Como é que descobriu esta história?
O meu caminho cruzou-se com o dessa mulher extraordinária que foi Clémentine Delait, que viveu no início do século XX. Uma mulher barbuda famosa na sua região. E quando vi a foto dela, estranhamente, pareceu-me uma mulher graciosa. O que me seduziu na sua autobiografia foi que recusou sempre ser um fenómeno de circo. O que queria era ter uma vida normal de mulher.
Porque decidiu fazer uma ficção e não uma biografia da Clémentine?
Inspirei-me na história de outras mulheres com as mesmas condições e inventei o destino desta Rosalie, uma mulher que se liberta assumindo a sua barba. Sobretudo, queria contar uma história de amor. Um amor sem condições, absoluto. É claro que, entre os dois, há uma relação ao mesmo tempo púdica e violenta. Sabia que, com estas personagens, não podia ser um romance banal. Através destas personagens queria ir mais longe que o amor e questionar a humanidade.
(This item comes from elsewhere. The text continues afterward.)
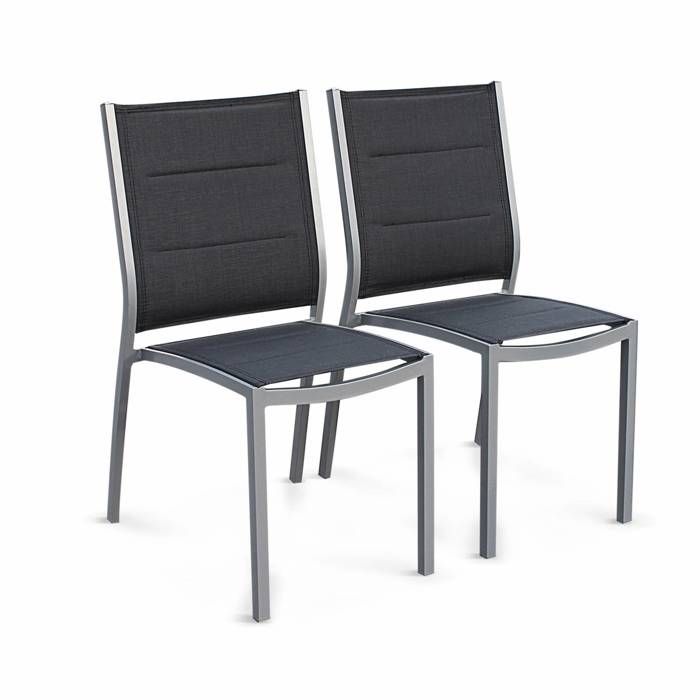Lot de 2 chaises Chicago / Odenton Aluminium et textilène gris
Quer este filme quer o anterior, “A Dançarina”, são dois retratos fortes de mulheres…
A barba faz lembrar o masculino, mas a ideia era esquecer essa barba e não questionar a dualidade homem/mulher. Não queria caminhar no sentido da oposição. Pelo contrário, queria esquecer tudo isso. Queria questionar a interioridade, o desejo se dermos nós próprios. Como a personagem de “A Dançarina”, a Rosalie está num processo de busca dela própria. É uma mulher que tem o desejo de ser mulher.
Como é que se processava a colocação dos pelos na cara da sua atriz principal, a Nadia Tereszkiewicz?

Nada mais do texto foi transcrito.